Homework 13: Imagine 10000 receipts sitting on your table. Each receipt represents a transaction with items that were purchased. The receipt is a representation of stuff that went into a customer’s basket - and therefore ‘Market Basket Analysis’.That is exactly what the Groceries Data Set contains: a collection of receipts with each line representing 1 receipt and the items purchased. Each line is called a transaction and each column in a row represents an item. The data set is attached. Your assignment is to use R to mine the data for association rules. You should report support, confidence and lift and your top 10 rules by lift.
First step is to read in the data and do a prilimary analysis of the data.
## transactions as itemMatrix in sparse format with
## 9835 rows (elements/itemsets/transactions) and
## 169 columns (items) and a density of 0.02609146
##
## most frequent items:
## whole milk other vegetables rolls/buns soda
## 2513 1903 1809 1715
## yogurt (Other)
## 1372 34055
##
## element (itemset/transaction) length distribution:
## sizes
## 1 2 3 4 5 6 7 8 9 10 11 12 13 14 15
## 2159 1643 1299 1005 855 645 545 438 350 246 182 117 78 77 55
## 16 17 18 19 20 21 22 23 24 26 27 28 29 32
## 46 29 14 14 9 11 4 6 1 1 1 1 3 1
##
## Min. 1st Qu. Median Mean 3rd Qu.
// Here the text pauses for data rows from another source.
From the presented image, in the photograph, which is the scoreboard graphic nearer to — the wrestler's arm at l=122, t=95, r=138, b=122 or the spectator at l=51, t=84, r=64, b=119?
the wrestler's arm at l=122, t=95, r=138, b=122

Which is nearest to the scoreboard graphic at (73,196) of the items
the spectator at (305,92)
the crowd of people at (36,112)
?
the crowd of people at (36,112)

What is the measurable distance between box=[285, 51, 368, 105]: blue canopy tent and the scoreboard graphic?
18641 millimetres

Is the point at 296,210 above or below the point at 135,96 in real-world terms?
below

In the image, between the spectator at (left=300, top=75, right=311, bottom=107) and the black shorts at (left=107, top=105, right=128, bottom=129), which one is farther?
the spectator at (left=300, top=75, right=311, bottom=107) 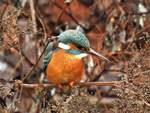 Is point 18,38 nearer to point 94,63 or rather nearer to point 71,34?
point 71,34

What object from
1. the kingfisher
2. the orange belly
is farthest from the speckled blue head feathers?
the orange belly

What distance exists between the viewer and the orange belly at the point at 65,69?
3023 mm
Max.
## 1.000 2.000 3.000 4.409 6.000 32.000
##
## includes extended item information - examples:
## labels
## 1 abrasive cleaner
## 2 artif. sweetener
## 3 baby cosmetics
Using the read.transactions function from the arules package we can see what all the transaction in the CSV look like, the density of the transactions, the most frequent items, etc. I’m curious to know what ‘baby cosmetics’ are.
# Create an item frequency plot for the top 20 items
if (!require("RColorBrewer")) {
# install color package of R
install.packages("RColorBrewer")
#include library RColorBrewer
library(RColorBrewer)
}## Loading required package: RColorBrewer
I used the itemFrequencyPlot to create an item Frequency Bar Plot to view the distribution of objects based on itemMatrix.
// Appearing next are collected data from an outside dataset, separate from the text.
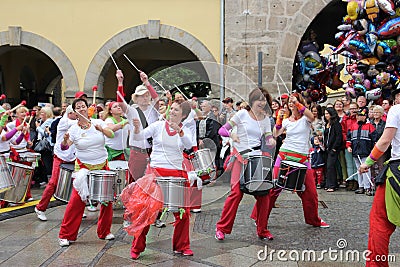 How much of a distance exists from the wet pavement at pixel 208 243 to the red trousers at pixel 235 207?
12 cm

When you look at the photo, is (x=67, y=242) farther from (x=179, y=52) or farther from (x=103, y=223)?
(x=179, y=52)

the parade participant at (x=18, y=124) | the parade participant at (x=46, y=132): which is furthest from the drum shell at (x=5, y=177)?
the parade participant at (x=46, y=132)

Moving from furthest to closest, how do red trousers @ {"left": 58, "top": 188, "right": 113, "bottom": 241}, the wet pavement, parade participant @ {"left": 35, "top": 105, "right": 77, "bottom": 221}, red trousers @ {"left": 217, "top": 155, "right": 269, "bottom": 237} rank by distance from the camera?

Next step is to mine the rules using the APRIORI algorithm. The function apriori() is from package arules.
## Apriori
##
## Parameter specification:
## confidence minval smax arem aval originalSupport maxtime support minlen
## 0.8 0.1 1 none FALSE TRUE 5 0.001 2
## maxlen target ext
## 10 rules FALSE
##
## Algorithmic control:
## filter tree heap memopt load sort verbose
## 0.1 TRUE TRUE FALSE TRUE 2 TRUE
##
## Absolute minimum support count: 9
##
## set item appearances ...[0 item(s)] done [0.00s].
## set transactions ...[169 item(s), 9835 transaction(s)] done [0.00s].
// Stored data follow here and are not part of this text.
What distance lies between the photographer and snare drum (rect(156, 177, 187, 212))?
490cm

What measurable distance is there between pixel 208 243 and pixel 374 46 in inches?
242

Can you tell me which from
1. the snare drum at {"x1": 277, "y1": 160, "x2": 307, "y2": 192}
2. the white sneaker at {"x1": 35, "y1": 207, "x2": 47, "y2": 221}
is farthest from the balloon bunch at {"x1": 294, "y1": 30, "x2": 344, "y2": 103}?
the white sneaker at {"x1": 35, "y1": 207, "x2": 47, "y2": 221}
## sorting and recoding items ... [157 item(s)] done [0.00s].
## creating transaction tree ... done [0.00s].
## checking subsets of size 1 2 3 4 5 6 done [0.02s].
## writing ... [410 rule(s)] done [0.00s].
## creating S4 object ... done [0.00s].
## set of 410 rules
##
## rule length distribution (lhs + rhs):sizes
## 3 4 5 6
## 29 229 140 12
##
## Min. 1st Qu. Median Mean 3rd Qu. Max.
## 3.000 4.000 4.000 4.329 5.000 6.000
##
## summary of quality measures:
## support confidence lift count
## Min. :0.001017 Min. :0.8000 Min. : 3.131 Min. :10.00
## 1st Qu.:0.001017 1st Qu.:0.8333 1st Qu.: 3.312 1st Qu.:10.00
## Median :0.001220 Median :0.8462 Median : 3.588 Median :12.00
## Mean :0.001247 Mean :0.8663 Mean : 3.951 Mean :12.27
## 3rd Qu.:0.001322 3rd Qu.:0.9091 3rd Qu.: 4.341 3rd Qu.:13.00
## Max. :0.003152 Max. :1.0000 Max. :11.235 Max. :31.00
##
## mining info:
## data ntransactions support confidence
## data 9835 0.001 0.8
There are 410 rules generated by this algorithm, I will take a look at the top 10 rules by confidence level.
## lhs rhs support confidence lift count
## [1] {liquor,
## red/blush wine} => {bottled beer} 0.001931876 0.9047619 11.235269 19
## [2] {cereals,
## curd} => {whole milk} 0.001016777 0.9090909 3.557863 10
## [3] {cereals,
## yogurt} => {whole milk} 0.001728521 0.8095238 3.168192 17
## [4] {butter,
## jam} => {whole milk} 0.001016777 0.8333333 3.261374 10
## [5] {bottled beer,
## soups} => {whole milk} 0.001118454 0.9166667 3.587512 11
## [6] {house keeping products,
## napkins} => {whole milk} 0.001321810 0.8125000 3.179840 13
## [7] {house keeping products,
## whipped/sour cream} => {whole milk} 0.001220132 0.9230769 3.612599 12
## [8] {pastry,
## sweet spreads} => {whole milk} 0.001016777 0.9090909 3.557863 10
## [9] {curd,
## turkey} => {other vegetables} 0.001220132 0.8000000 4.134524 12
## [10] {rice,
## sugar} => {whole milk} 0.001220132 1.0000000 3.913649 12
To make sure that there are not any duplicate rules, I will remove any redundancies from our associated.rules algorithm.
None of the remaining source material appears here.